I Coldplay e la magia del “Live at River Plate”
Assistere al concerto della propria band preferita, che sia dal vivo o attraverso uno schermo, è sempre un’emozione. Se poi questa band si chiama Coldplay, allora la magia è assicurata. Sembra, infatti, di cader preda di un incantesimo quando sulle note della colonna sonora di ET l’extraterrestre si scorgono le immagini di uno stadio gremito. È così che inizia il Live at River Plate, trasmesso in oltre 80 paesi in tutto il mondo. Come avevamo anticipato, si tratta del concerto di Buenos Aires che era stato già trasmesso in diretta lo scorso ottobre e che adesso è stato impreziosito da un montaggio spettacolare e arricchito da un documentario finale con filmati tratti dal backstage e interviste inedite.

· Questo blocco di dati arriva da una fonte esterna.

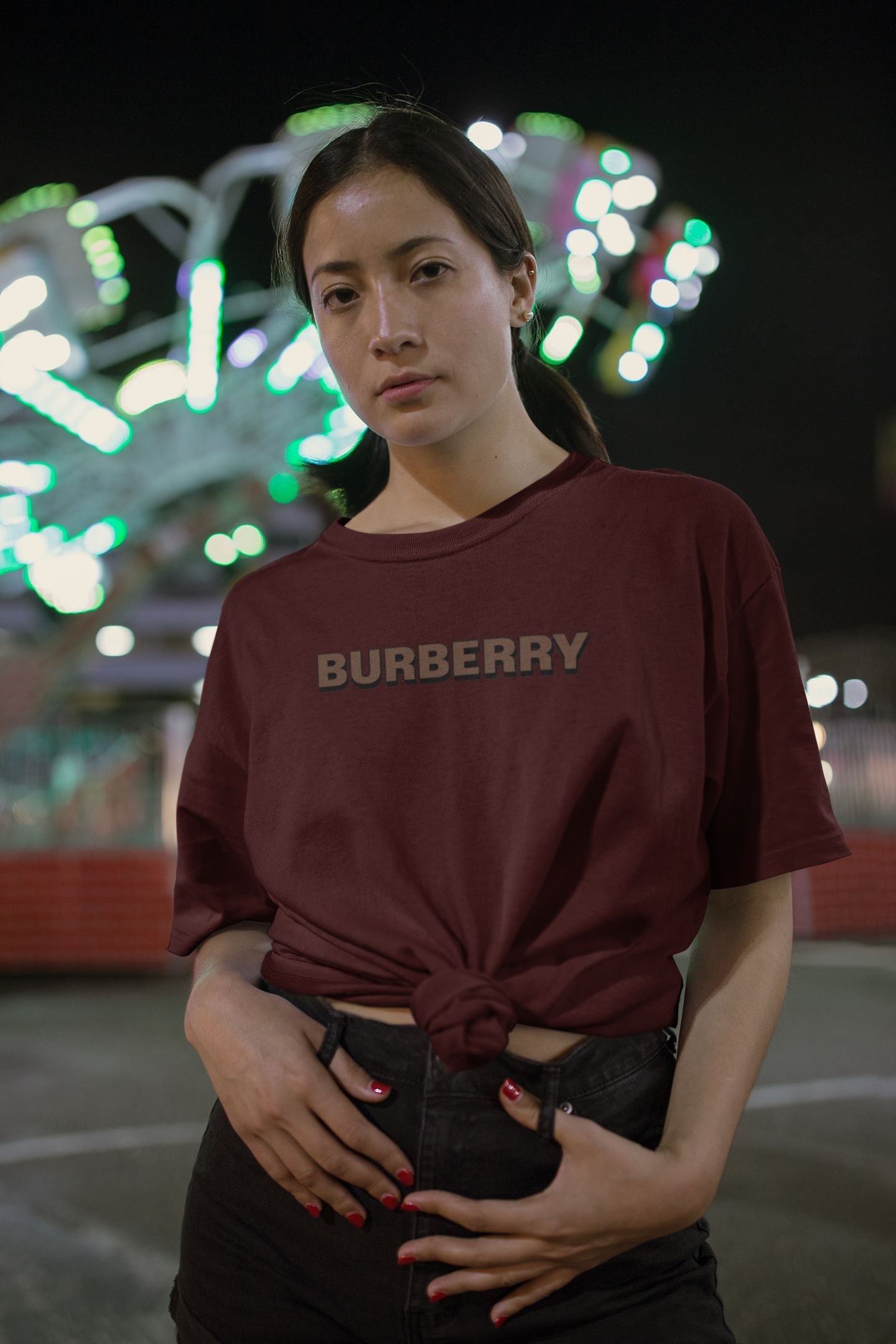 Burberry Half Sleeve T-shirt for Women Maroon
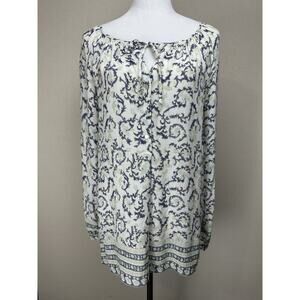 Lucky Brand Women’s Top Sz L Long Sleeve Tie Neck V-neck 1/4 Button Up Shirt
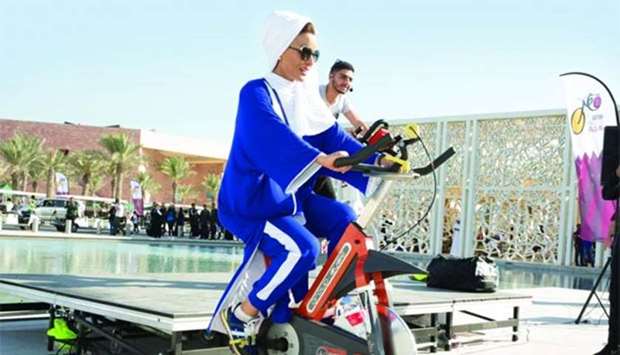 Her Highness Sheikha Moza bint Nasser, chairperson of QF, participates in one of the National Sport Day activities at Education City on Tuesday. PICTURE: Aisha al-Musallam/ HHOPL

L’omaggio al popolo iraniano
Le oltre due ore del film scorrono velocemente senza che ce ne si accorga. Si passa dalle hit allegre e movimentate ai momenti più intimi e suggestivi. Uno di questi è quando i Coldplay sono stati raggiunti sul palco dall’attrice iraniana Golshifteh Farahani e insieme hanno eseguito una canzone in lingua farsi intitolata Baraye. Il testo del brano scritto dal venticinquenne Shervin Hajipour è composto da messaggi che gli iraniani hanno pubblicato online dopo l’inizio delle manifestazioni nel Paese ed elenca tutti i motivi per cui hanno iniziato a protestare in seguito alla morte della giovane Mahsa Amini. Durante l’esecuzione cala un silenzio surreale, allo stadio ma anche in sala.

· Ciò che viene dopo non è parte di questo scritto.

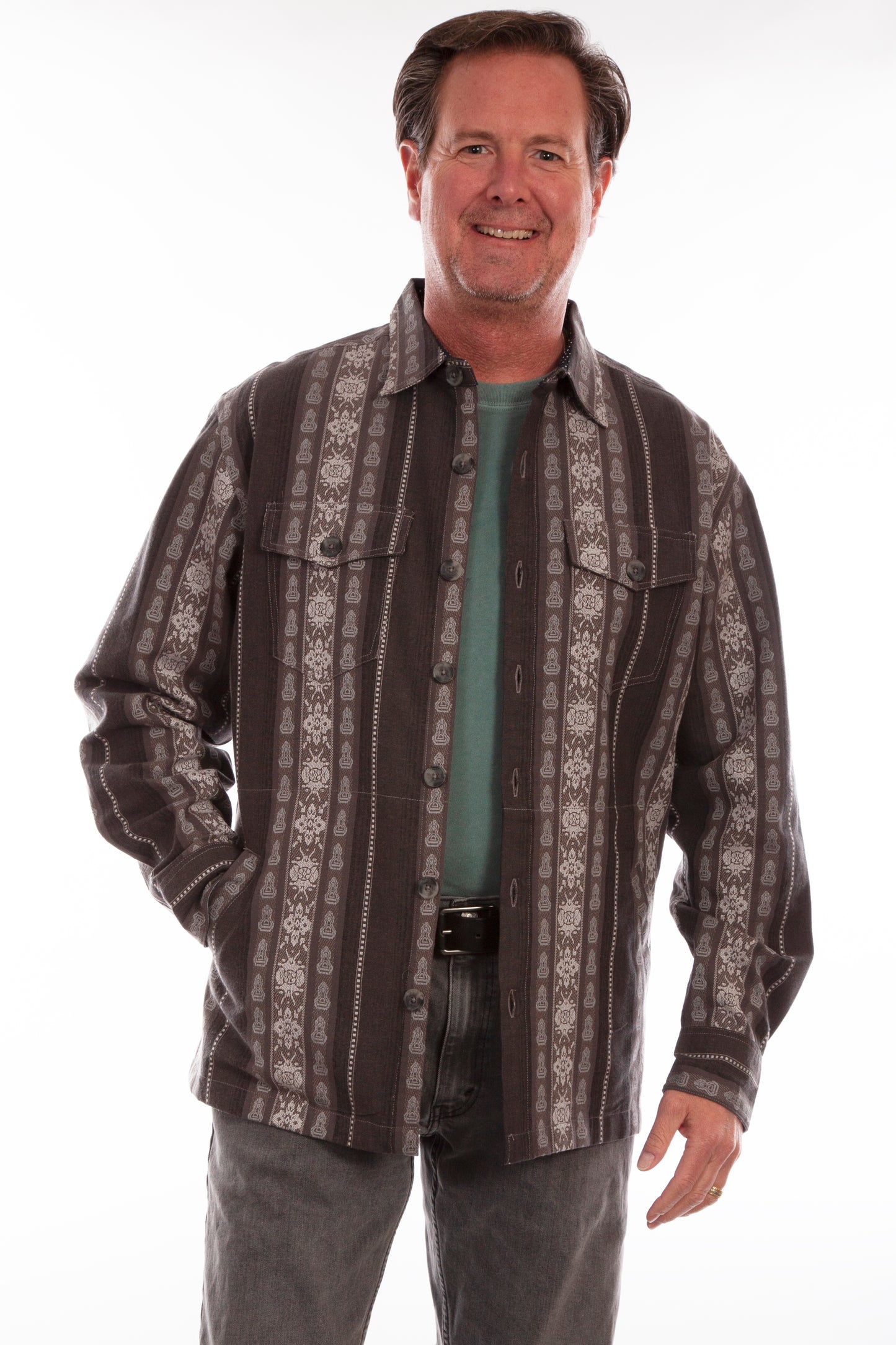 Scully Western Men's Jacquard Shirt Jacket in Charcoal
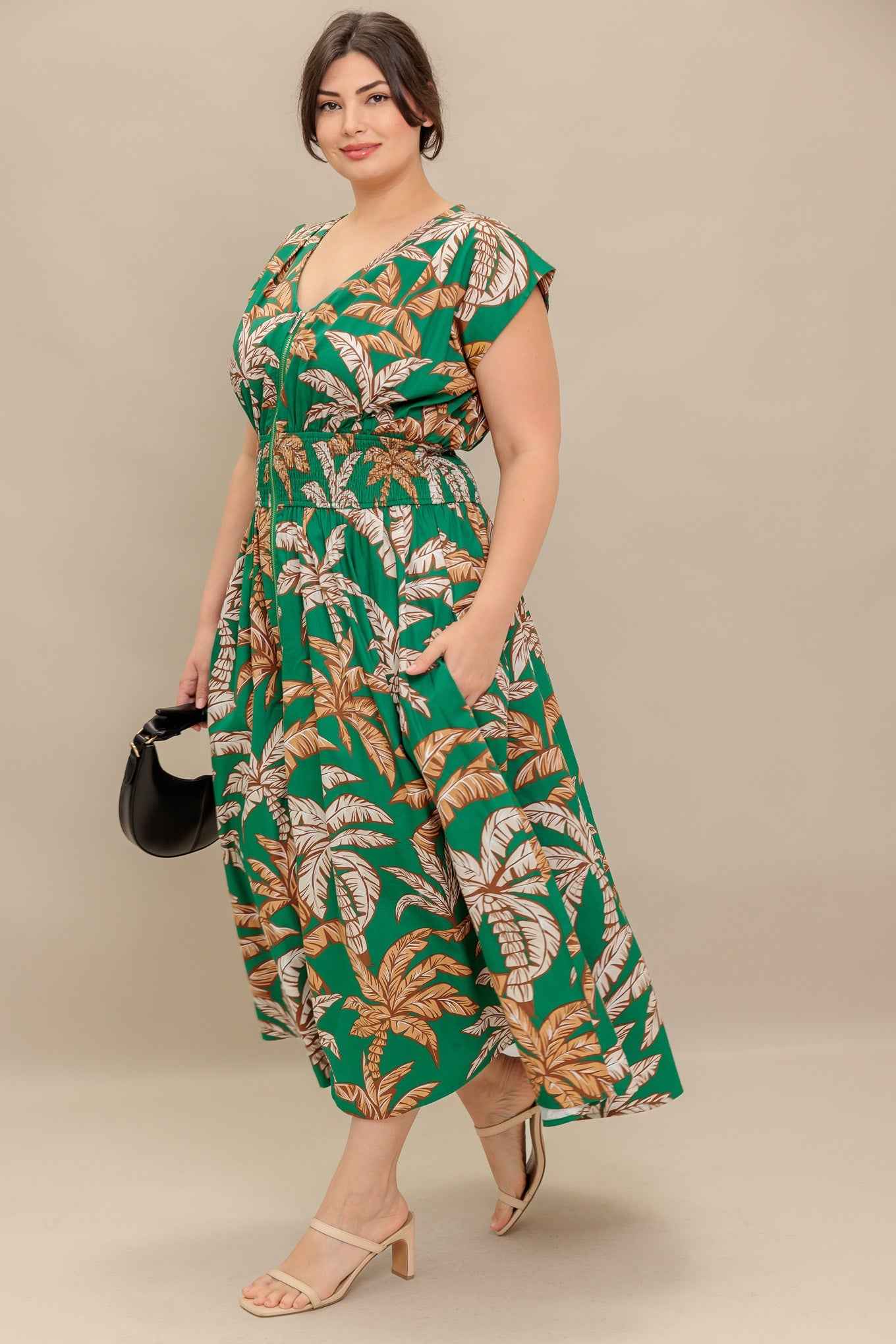 LUSH STILLNESS WOVEN MIDI DRESS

La collaborazione con Jin e i BTS
Particolarmente atteso era l’arrivo di Jin, famoso membro dei BTS. Il giovane coreano ha eseguito The Astronaut, un brano scritto per lui dai Coldplay per salutare i suoi fan prima della partenza per il servizio militare. Per circa due anni la band asiatica, infatti, non potrà fare musica poiché tutti i membri dovranno svolgere la leva obbligatoria. È interessante il discorso che Chris fa prima di annunciare il suo ospite. Parla di diversità e pregiudizi, che tutti abbiamo in quanto esseri umani. Gli stessi che aveva anche lui inizialmente quando gli fu proposta la collaborazione con i BTS, poiché avevano uno stile completamente differente dal loro. Solo conoscendo in maniera più approfondita l’altro, ci accorgiamo, però, che i pregiudizi sono soltanto tali e possiamo superarli riscoprendo i sentimenti di amore e solidarietà che contraddistinguono (o almeno dovrebbero) la nostra specie. Insieme ci si completa, si può collaborare e creare qualcosa di bello, proprio come hanno fatto i Coldplay e i BTS.
Believe in love
Due sono i messaggi fondamentali, quasi degli slogan o dei mantra, che la band vuole trasmettere ai suoi fan: “Everyone is an alien somewhere” (ognuno è un alieno da qualche parte) e “Believe in love”(credete nell’amore). Le frasi, che appaiono scritte sui maxischermi e anche sulle magliette indossate dal gruppo, sono molto semplici ma importanti da tenere a mente. Insieme a un’altra citazione dell’era di Everyday life, ossia “Music is the weapon” (la musica è l’arma), potremmo dire che queste affermazioni rappresentano i principi su cui si fonda l’intera carriera dei Coldplay.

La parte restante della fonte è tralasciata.